Microsoft's move rends a 13-year relationship that the 22-year-old company originally established with the former Johnson & Higgins. J&H was acquired by Marsh & McLennan Cos. Inc. earlier this year.
Aon retail unit Aon Risk Services Inc. of Washington in Seattle will take over placing Microsoft's property and casualty coverages. Aon Risk Services Vp Robin Magnotti is Microsoft's account executive.
J&H Marsh & McLennan, the world's largest retail broker, will continue to handle some transactional services and a few other lines of coverage for Microsoft, said Scott K. Lange, director of risk management for the Redmond, Wash.-based company.
J&H Marsh & McLennan also has lost Vp Roger Van Der Vliet to Aon Risk Services. Mr. Van Der Vliet has been intimately involved with the Microsoft account since he picked it up for J&H in 1984. He has been Microsoft's account manager twice during that period. Mr. Van Der Vliet, now a senior vp in Aon Risk Service's Global Broking Group in Seattle, said he will remain involved in servicing the account.
Mr. Lange would say only that he moved Microsoft's business to Aon because "basically, it's time for a change."
Mr. Lange, though, recently has expressed concerns about developments at J&H Marsh & McLennan since J&H was acquired.
For example, Mr.
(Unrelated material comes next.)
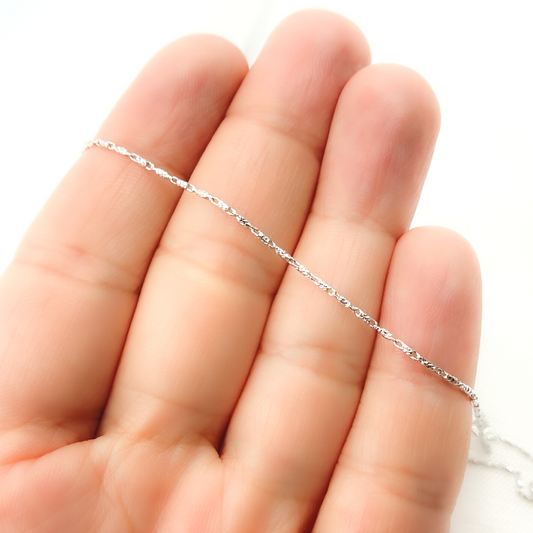 14K Solid White Gold Diamond Cut Bar Chain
Lange was concerned about how J&H's departure from the UNISON correspondent broker network would affect Microsoft's overseas affiliates (BI, Oct. 6). J&H, UNISON's largest member, pulled out of the network after the broker was acquired.
Mr. Lange also raised questions about J&H Marsh & McLennan's decision to direct middle-market property/casualty business written by Chubb Corp. into regional centers instead of placing that business through the broker's local offices. The centers may be an example of how large brokers may try to control the market, he said (BI, Oct. 13).
None of the Microsoft coverage that Chubb writes was moved to a regional center, according to Mr. Van Der Vliet.
However, J&H last year moved about 40% of Microsoft's business from the broker's Seattle office to its San Jose, Calif., office. The broker reasoned that because the San Jose office is located in the heart of the Silicon Valley, the office could better service that portion of Microsoft's account, Mr. Van Der Vliet said.
He said Aon had contacted him and that he decided to move to the world's second-largest retail broker before Microsoft decided to change brokers.